Japanese politicians propose registry of off-base residents
March 29, 2008
CAMP FOSTER, Okinawa — Japan’s three major opposition parties agreed Tuesday to push for several changes in the U.S.-Japan Status of Forces Agreement.
The one that would affect most Americans would be a requirement for all SOFA personnel living off base to register with the local governments, according to Kantoku Teruya, one of the key opposition party politicians from Okinawa.
Teruya is a member of the Social Democratic Party, which is allied with the Democratic Party of Japan and the People’s New Party.
According to Japan’s Ministry of Defense, there are 92,491 SOFA-status personnel living in Japan, 47,088 on the mainland and 45,403 on Okinawa. Of that number, 21,885 people live off base, 11,566 in mainland communities and 10,319 on Okinawa.
However, the number and details — where the Americans live and how many people live in each off-base home — are not shared with the local governments.
U.S. Forces Japan spokesman Col. August Schalkham said the current SOFA protects the privacy of all persons connected with the U.S. military.

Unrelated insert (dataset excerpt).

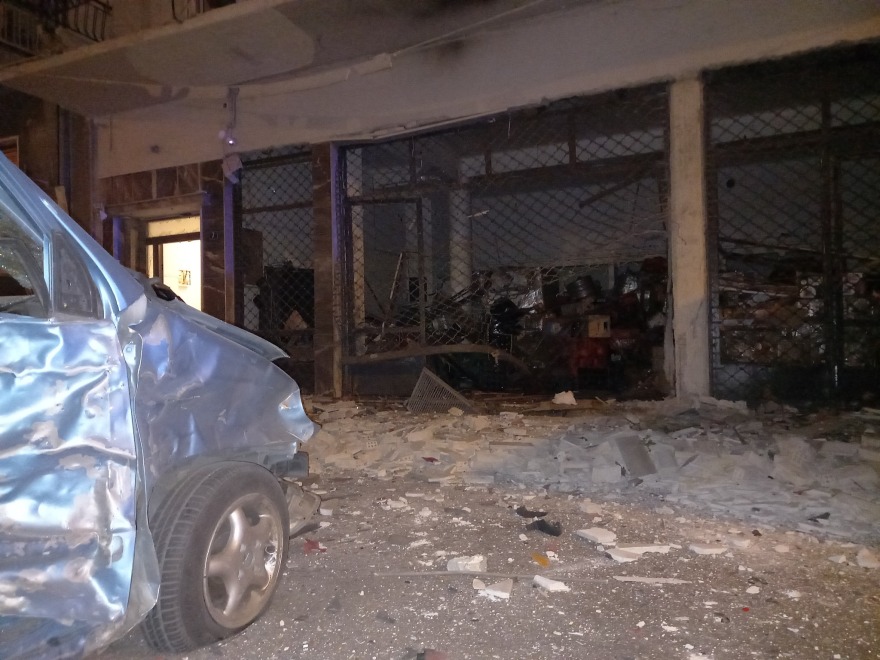 Καλλιθέα: Η στιγμή της έκρηξης στην κάβα - Δείτε το βίντεο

Servicemembers, Defense Department civilians and dependents “are exempt from Japanese laws and regulations on the registration and control of aliens,” the Air Force colonel said in a response to a Stripes’ query.
“The U.S. Government is prohibited from releasing personal information under the Privacy Act, and most military installations are limited in the types of information that is releasable due to operational security concerns for our military members,” he added.
When asked if USFJ would consider allowing registration of SOFA-status personnel living off base in Japan, Schalkham said USFJ “does not comment on subjects of a speculative nature.”
The mandatory registration of all SOFA-status personnel living outside the bases would place them in the same category as other foreigners living in Japan.
Under the current Alien Registration Law, all foreigners must be registered with the city, town or village in which their residence is located within 90 days of arriving in Japan. They must submit an application for alien registration, a passport and two passport-size photographs.
Even Japanese citizens must register with the localities whenever they move.
Other changes opposition leaders seek include the immediate handover of SOFA personnel suspected of crimes, the full environmental cleanup of military property prior to return, and an evaluation of “the purpose, size and area and condition of the use of facilities and areas” used by the U.S. military every eight years.
Under the current SOFA, the military has jurisdiction over servicemembers suspected of crimes in the Japanese community until they are indicted, unless they are arrested off base by Japanese police. Exceptions are made for suspects in serious felonies, such as murder and rape.
The demand to change the SOFA came after several highly publicized alleged crimes last month by SOFA-status personnel.